Of course, if he really wanted to, somebody with this mindset could find all the Muslims anyway. A quick and easy solution would involve tracing all the mobile phone signals around mosques on a Friday. Mr would-be President could compel Facebook and other social networks to disclose lists of users who identify as Muslim.
Databases are a dangerous side-effect of gay marriage
In 2014 there was significant discussion about Brendan Eich's donation to the campaign against gay marriage.
One fact that never ranked very highly in the debate at the time is that not all gay people actually support gay marriage. Even where these marriages are permitted, not everybody who can marry now is choosing to do so.
The reasons for this are varied, but one key point that has often been missed is that there are two routes to marriage equality: one involves permitting gay couples to visit the register office and fill in a form just as other couples do. The other route to equality is to remove all the legal artifacts around marriage altogether.

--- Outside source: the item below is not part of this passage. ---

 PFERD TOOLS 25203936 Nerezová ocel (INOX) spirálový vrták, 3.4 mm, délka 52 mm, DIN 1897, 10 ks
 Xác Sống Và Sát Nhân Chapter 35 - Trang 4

When the government does issue a marriage certificate, it is not long before other organizations start asking for confirmation of the marriage. Everybody from banks to letting agents and Facebook wants to know about it. Many companies outsource that data into cloud CRM systems such as Salesforce. Before you know it, there are numerous databases that somebody could mine to make a list of confirmed homosexuals.
Of course, if everybody in the world was going to live happily ever after none of this would be a problem. But the reality is different.
While discrimination: either against Muslims or homosexuals - is prohibited and can even lead to criminal sanctions in some countries, this attitude is not shared globally. Once gay people have their marriage status documented in the frequent flyer or hotel loyalty program, or in the public part of their Facebook profile, there are various countries where they are going to be at much higher risk of prosecution/persecution. The equality to marry in the US or UK may mean they have less equality when choosing travel destinations.
Those places are not as obscure as you might think: even in Australia, regarded as a civilized and laid-back western democracy, the state of Tasmania fought tooth-and-nail to retain the criminalization of virtually all homosexual conduct until 1997 when the combined actions of the federal government and high court compelled the state to reform. Despite the changes, people with some of the most offensive attitudes are able to achieve and retain a position of significant authority. The same Australian senator who infamously linked gay marriage with bestiality has successfully used his position to set up a Senate inquiry as a platform for conspiracy theories linking Halal certification with terrorism.
There are many ways a database can fall into the wrong hands
Ironically, one of the most valuable lessons about the risk of registering Muslims and homosexuals was an injustice against the very same tea-party supporters a certain presidential candidate is trying to woo. In 2013, it was revealed IRS employees had started applying a different process to discriminate against groups with Tea party in their name.
It is not hard to imagine other types of rogue or misinformed behavior by people in positions of authority when they are presented with information that they don't actually need about somebody's religion or sexuality.
Beyond this type of rogue behavior by individual officials and departments, there is also the more sinister proposition that somebody truly unpleasant is elected into power and can immediately use things like a Muslim database, surveillance data or the marriage database for a program of systematic discrimination. France had a close shave with this scenario in the 2002 presidential election when Jean-Marie Le Pen, who has at least six convictions for racism or inciting racial hatred made it to the final round in a two-candidate run-off with Jacques Chirac.
The best data security
The best way to be safe- wherever you go, both now and in the future - is not to have data about yourself on any database. When filling out forms, think need-to-know. If some company doesn't really need your personal mobile number, your date of birth, your religion or your marriage status, don't give it to them.